@bbaade, your message is a bit sparse but I gather you have a domain, e.g. "example.com.“, registered with provider X and you wanted to delegate the DNS hosting to deSEC?
If so, you need to know that the zone file currently active at provider X would cease to be relevant after delegation. So any records added to that zone, including NS and DS records would become irrelevant. So it does not matter wether provider X supports DS records in that zone file or not.
What you actually want is setting the NS glue records and the DS record for “example.com.” in the parent zone, e.g. "com.“. Now usually you don’t have direct access to TLD registries. So your current provider/registrar would have to communicate the changes to them.
Some domain registrars have an interface or an API for this but probably not all. If your provider can’t help you there then you will either need to move your domain to a provider that supports this or forget about using deSEC (or any other DNS hoster) for your domain. (You could still register a subdomain under dedyn.io and put a CNAME into your domain. But that would not be fully secure as the CNAME itself would not be secured.)
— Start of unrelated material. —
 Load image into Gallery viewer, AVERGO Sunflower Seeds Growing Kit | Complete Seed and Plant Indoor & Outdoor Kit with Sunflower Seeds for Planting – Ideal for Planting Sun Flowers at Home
Note: If my initial assumption is false, and you want to delegate a subdomain, e.g. "sub.example.com.“ to deSEC then you will have a different problem:
Your parent domain is now "example.com.“ and you would need to add the NS glue and DS records to the zone of that domain. Unless your current provider supports DNSSEC for “example.com.” any DS records in the domain "example.com.“ would be insecure and thus your delegated subdomain would remain insecure (and probably non-functional for many clients behind validating resolvers). The chain of trust from “.” → “com.” → “example.com.” → “sub.example.com.” would be broken.